# Italian A1 league - 2005-2006



## italianBBlover (Mar 5, 2003)

Day 1
October 8th/9th, 2005

Climamio Bologna-Vertical Vision Cantù *87-57* (_audience 5,136_)
Armani Milan-Virtus Bologna *91-78* (_audience 8,600_)
Lottomatica Rome-Bipop Reggio Emilia *81-77* (_audience 6,200_)
Navigo.it Teramo-Carpisa Naples *91-94*
Air Avellino-Whirlpool Varese *69-77*
Snaidero Udine-Sharks Roseto *59-62*
Angelico Biella-Basket Livorno *82-73*
Upea Capo d'Orlando-MpS Siena *69-78*
Viola Reggio Calabria-Benetton Treviso *79-76* (_audience 6,000_)


----------



## Maxwell48 (Oct 8, 2005)

is misan nikagbatse still playing at roseto?


----------



## Stockalone (Oct 6, 2005)

No, he´s playing at Vertical Vision Cantu.
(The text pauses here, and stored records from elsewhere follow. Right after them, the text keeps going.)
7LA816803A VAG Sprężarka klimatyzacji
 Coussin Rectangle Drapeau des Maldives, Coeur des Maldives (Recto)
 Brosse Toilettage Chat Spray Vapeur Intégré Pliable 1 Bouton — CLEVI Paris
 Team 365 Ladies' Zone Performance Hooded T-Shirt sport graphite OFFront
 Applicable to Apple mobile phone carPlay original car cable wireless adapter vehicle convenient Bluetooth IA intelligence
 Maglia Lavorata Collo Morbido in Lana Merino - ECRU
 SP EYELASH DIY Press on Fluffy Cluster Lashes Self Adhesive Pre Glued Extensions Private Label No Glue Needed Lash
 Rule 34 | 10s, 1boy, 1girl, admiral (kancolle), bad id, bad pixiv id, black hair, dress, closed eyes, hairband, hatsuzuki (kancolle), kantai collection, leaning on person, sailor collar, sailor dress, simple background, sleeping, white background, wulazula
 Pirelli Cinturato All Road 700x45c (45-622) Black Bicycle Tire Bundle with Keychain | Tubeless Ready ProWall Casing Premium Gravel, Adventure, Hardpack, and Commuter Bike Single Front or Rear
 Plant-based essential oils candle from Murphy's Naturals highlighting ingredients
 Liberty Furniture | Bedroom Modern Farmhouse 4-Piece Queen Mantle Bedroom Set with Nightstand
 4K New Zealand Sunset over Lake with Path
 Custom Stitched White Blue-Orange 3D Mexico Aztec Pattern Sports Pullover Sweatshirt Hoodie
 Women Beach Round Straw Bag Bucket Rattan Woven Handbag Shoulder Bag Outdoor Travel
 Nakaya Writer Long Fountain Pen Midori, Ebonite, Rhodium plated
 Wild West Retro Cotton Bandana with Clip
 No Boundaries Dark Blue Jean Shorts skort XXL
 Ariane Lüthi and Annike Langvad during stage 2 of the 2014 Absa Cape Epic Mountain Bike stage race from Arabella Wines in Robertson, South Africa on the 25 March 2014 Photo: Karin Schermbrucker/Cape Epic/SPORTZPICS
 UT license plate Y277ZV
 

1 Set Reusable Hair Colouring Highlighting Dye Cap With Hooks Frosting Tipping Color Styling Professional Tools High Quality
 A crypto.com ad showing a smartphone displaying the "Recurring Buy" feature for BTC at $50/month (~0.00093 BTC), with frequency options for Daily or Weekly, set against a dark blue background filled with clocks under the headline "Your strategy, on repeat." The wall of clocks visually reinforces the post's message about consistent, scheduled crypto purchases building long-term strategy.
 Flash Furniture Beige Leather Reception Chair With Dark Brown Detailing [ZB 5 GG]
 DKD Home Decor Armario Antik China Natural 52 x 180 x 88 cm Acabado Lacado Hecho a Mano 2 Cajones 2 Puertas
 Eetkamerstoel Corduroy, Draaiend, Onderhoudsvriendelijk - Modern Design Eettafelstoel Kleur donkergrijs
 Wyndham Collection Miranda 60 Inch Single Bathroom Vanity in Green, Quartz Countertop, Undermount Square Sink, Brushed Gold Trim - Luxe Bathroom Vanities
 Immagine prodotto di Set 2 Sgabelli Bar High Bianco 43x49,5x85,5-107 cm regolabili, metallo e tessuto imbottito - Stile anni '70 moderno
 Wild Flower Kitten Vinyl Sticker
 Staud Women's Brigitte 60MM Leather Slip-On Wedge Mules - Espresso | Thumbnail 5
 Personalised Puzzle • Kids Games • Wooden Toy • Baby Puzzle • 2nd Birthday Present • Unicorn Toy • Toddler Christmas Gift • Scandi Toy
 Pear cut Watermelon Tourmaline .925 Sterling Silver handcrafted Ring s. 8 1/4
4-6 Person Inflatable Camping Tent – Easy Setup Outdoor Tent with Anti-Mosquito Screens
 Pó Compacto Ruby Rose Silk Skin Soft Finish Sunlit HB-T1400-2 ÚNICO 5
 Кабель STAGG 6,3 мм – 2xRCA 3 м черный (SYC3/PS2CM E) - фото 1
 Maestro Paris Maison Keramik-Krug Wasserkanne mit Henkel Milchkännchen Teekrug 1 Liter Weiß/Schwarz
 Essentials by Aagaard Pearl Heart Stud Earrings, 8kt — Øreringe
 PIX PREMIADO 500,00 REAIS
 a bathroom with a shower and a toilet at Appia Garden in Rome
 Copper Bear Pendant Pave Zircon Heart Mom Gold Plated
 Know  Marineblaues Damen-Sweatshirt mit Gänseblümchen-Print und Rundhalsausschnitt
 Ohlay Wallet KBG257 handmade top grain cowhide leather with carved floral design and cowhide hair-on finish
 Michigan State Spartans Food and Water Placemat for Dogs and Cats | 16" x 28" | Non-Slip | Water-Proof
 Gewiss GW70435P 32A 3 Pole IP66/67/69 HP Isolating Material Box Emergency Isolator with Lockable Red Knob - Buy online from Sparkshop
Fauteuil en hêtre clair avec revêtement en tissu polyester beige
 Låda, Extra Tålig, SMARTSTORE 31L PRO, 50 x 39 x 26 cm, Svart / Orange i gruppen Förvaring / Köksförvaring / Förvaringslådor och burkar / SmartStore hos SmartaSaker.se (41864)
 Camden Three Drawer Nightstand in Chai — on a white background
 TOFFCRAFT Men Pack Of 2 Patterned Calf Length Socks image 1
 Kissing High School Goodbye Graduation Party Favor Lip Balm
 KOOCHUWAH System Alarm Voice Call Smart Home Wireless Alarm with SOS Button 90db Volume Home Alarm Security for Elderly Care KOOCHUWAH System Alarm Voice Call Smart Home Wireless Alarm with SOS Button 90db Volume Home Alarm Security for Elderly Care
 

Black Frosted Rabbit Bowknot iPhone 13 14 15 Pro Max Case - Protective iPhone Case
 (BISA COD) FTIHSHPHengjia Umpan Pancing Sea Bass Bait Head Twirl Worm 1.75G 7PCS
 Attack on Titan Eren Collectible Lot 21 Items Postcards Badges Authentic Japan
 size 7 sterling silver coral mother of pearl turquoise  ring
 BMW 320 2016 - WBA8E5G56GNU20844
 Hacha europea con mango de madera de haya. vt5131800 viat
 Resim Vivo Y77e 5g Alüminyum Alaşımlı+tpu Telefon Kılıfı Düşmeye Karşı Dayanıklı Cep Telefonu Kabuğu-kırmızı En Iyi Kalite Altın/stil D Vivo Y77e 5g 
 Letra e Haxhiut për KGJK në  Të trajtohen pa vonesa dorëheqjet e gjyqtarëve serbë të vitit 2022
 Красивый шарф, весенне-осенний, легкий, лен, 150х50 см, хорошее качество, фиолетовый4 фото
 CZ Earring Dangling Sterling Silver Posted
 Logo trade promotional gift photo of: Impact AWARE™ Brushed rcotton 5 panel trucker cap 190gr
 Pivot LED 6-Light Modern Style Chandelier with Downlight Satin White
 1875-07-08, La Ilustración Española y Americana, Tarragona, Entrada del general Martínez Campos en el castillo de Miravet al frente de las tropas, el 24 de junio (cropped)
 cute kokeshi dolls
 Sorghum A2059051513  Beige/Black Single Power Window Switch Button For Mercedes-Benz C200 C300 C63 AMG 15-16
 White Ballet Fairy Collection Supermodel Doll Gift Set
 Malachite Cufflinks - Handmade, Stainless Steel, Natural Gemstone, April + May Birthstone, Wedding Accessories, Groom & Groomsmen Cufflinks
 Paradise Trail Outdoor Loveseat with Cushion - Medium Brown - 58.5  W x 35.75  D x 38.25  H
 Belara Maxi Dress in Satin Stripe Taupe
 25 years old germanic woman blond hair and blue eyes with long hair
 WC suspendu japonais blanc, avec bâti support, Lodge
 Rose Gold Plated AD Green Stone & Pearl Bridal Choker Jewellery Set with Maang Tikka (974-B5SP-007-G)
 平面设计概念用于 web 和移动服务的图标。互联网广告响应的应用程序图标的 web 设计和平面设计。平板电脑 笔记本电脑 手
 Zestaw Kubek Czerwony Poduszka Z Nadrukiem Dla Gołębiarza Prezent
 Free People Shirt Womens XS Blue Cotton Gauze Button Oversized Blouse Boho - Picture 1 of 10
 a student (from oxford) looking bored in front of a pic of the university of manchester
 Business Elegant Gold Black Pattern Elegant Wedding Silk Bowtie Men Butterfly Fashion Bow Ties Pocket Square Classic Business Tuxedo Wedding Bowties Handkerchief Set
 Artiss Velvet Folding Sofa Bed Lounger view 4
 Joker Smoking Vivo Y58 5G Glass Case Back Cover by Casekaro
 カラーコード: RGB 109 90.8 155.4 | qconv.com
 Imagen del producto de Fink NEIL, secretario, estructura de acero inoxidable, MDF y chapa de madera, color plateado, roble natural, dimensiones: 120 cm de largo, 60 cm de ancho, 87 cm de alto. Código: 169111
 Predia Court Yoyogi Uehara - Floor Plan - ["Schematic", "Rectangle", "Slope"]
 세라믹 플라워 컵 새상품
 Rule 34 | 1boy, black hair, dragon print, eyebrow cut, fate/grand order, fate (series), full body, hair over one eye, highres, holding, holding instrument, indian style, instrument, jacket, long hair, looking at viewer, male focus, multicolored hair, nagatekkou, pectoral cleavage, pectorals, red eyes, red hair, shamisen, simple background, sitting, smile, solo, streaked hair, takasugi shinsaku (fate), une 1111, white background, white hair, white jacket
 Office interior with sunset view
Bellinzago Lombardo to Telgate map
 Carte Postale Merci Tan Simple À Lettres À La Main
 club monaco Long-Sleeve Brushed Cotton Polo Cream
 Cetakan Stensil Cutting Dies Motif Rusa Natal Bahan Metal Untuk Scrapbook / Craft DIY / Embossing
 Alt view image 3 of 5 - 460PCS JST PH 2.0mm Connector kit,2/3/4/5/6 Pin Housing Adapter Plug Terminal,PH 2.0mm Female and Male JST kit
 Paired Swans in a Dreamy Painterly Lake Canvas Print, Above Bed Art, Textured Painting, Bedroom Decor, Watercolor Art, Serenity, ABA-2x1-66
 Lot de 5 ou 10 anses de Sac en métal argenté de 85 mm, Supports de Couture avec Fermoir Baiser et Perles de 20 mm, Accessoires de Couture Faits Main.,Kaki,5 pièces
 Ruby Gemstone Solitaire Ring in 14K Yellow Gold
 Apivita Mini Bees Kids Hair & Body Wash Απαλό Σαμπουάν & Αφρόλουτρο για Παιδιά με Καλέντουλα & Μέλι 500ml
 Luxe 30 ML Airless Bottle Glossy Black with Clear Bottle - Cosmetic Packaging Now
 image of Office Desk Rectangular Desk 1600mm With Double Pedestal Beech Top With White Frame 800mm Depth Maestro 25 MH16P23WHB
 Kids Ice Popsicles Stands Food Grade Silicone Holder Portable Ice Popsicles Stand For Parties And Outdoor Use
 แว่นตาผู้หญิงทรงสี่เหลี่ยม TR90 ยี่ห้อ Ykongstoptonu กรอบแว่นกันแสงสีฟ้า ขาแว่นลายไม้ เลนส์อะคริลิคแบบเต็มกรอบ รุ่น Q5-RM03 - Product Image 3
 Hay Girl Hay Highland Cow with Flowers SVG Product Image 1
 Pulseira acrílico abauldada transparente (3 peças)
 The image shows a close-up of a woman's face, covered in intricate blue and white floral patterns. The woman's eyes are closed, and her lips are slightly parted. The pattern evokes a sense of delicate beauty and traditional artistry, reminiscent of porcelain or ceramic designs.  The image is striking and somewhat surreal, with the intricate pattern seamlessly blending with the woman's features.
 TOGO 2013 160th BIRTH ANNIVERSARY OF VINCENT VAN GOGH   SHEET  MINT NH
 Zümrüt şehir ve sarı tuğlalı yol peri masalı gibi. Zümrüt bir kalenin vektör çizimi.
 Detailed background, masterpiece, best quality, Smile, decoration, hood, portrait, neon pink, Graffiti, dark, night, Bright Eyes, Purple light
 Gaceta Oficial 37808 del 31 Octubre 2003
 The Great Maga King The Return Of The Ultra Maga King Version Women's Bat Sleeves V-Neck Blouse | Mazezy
What do you think about the teams in the League? Can you give us your preview please?


----------



## casebeck22 (Jul 20, 2005)

Maxwell48 said:


> is misan nikagbatse still playing at roseto?


I was just in Germany and watched some games there. It was totally different. I liked it though.


----------



## Stockalone (Oct 6, 2005)

Really, dude which games do you´ve watched there?


----------



## casebeck22 (Jul 20, 2005)

Maxwell48 said:


> is _misan nikagbatse _ still playing at roseto?


To be honest I don't completly remember much, it was confusing to me. I don't speak German either so that made it even harder. But that guys name sounds fimiliar.


----------